While oral language skills are "hard-wired" in the brain and typically developed through experience and the child's environment, written language skills must be taught. Phonological awareness tasks use oral language skills can be learned through oral language experience and practice. Some children learn sound awareness and manipulation skills easily in conversation and language play with others. However, many children need explicit instruction in phonological awareness as a precursor to written language instruction. In either case, the ASA can be used effectively even before direct instruction is given in phonological awareness.
If I work for a school district, how would the ASA fit—can it be considered a test that would help classify a child?
The ASA is a screening tool, and therefore is not an assessment to be used for eligibility purposes. The goal is early screening—which answers the question of risk status for deficits in auditory/listening skills. Certainly, screening data should be considered in the overall assessment process. The value of the early assessment helps keep the child "on the radar" and potentially benefit from an early intervention process, perhaps as in a Response to Intervention model.
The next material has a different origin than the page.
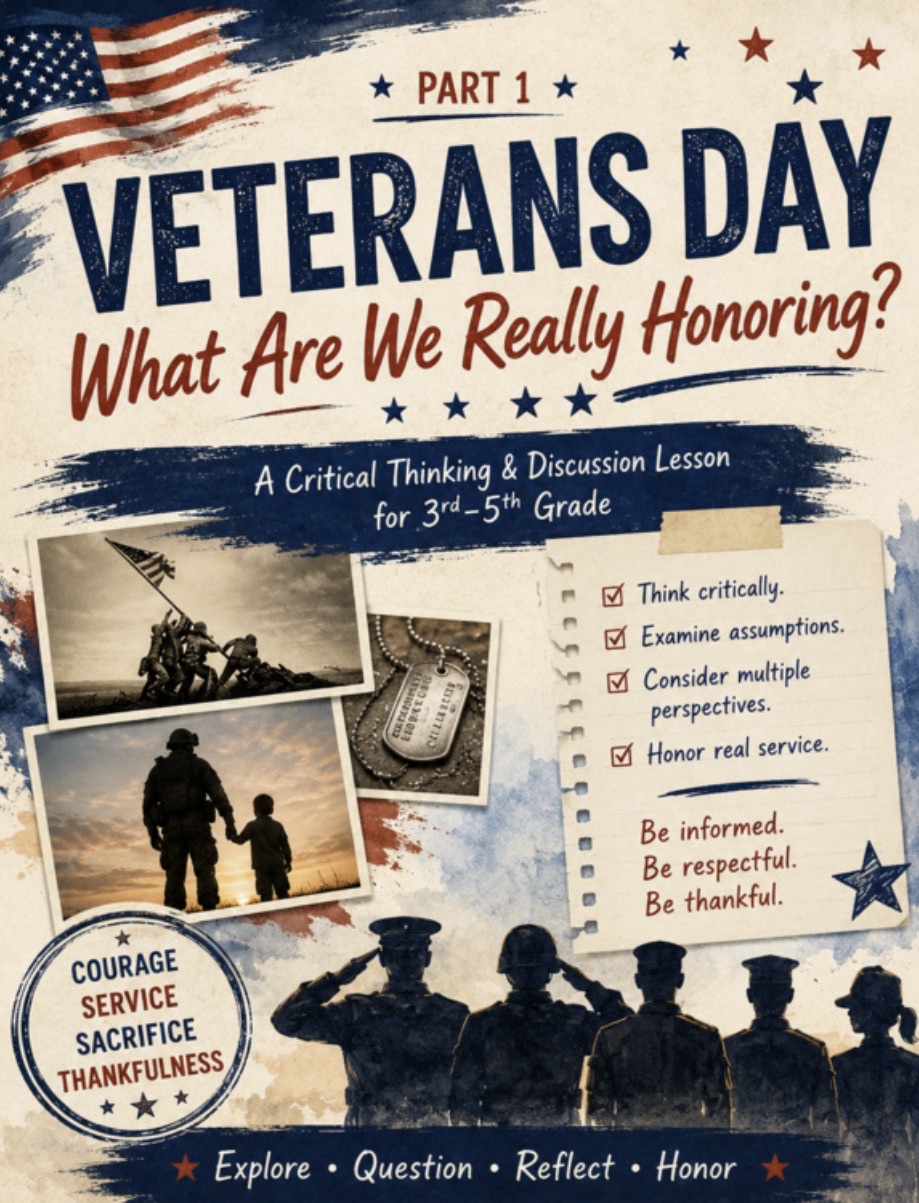 🇺🇸 More Than a Veterans Day Worksheet: Let Students Become Historians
How do you score Mimicry with a student who has very poor articulation?
Page 11 in the ASA manual states, "If you determine that an articulation error affected a response that was otherwise correct, you should score the response as correct; do not penalize a child for articluation errors. If a child has severe articulation errors and is unintelligible, these sections should not be administered. Record a total section raw score of 0 and continue to the next section."
Can an SLP treat a student for phonological tasks rather than the reading teacher?
Of course! Experts in reading and/or language have key training to support the phonological system in the development of reading. Depending on your particular setting and workflow, either or both disciplines may support phonological skill development in a particular child.
How much "noise" is needed for the testing in noise. Would it be done in the back of a classroom or in a hallway?
The background noise for Speech Discriminiation in Noise is provided by the ASA on the Stimulus CD. The examiner should provide a distraction-free environment, in a quiet, well-lit room. The background noise on the Stimulus CD is a conversation-based cafeteria noise with a +6dB signal-to-noise ratio (SNR).
How can I get the school district to use this test for every child enrolled in preschool for the 3 year old and older population?
You might position the use of the ASA as part of your annual vision and hearing screening efforts. The ASA is a perfect companion to the hearing screening process.
It sounds like many parts of this test can be used with older students to obtain clinical information—is that true?
Yes! You could choose to use the tasks from the ASA for older children descriptively. Of course, the normative data only go through 6:11.
Can you administer the ASA to a child who has a known speech and language delay?
You can. Keep in mind that if the delay is around articulation/phonology, you should follow the manual on scoring regarding these types of errors. Overall, children with speech and language delay were excluded from the normative sample because at this young age it would be difficult to discriminate language from auditory difficulties. See pages 11 and 24 in the manual regarding these two thoughts, respectively.
In order to score the ASA does the subject need to complete all subtests?
It depends on the age of the child. Younger children only complete Section 1: Speech Discrimination in Noise and Mimicry. Older children complete all six tasks.
What is a figure-ground listening skill deficit?
A figure-ground deficit is the inability to block out background noise and focus listening to the foreground (i.e., the speaker).
Could the ASA be an appropriate test for a child with cochlear implants?
Yes. If the child's cochlear implants are in good working order and the child passed a hearing acuity screening according to the specifications in the manual, the child may be administered the ASA descriptively.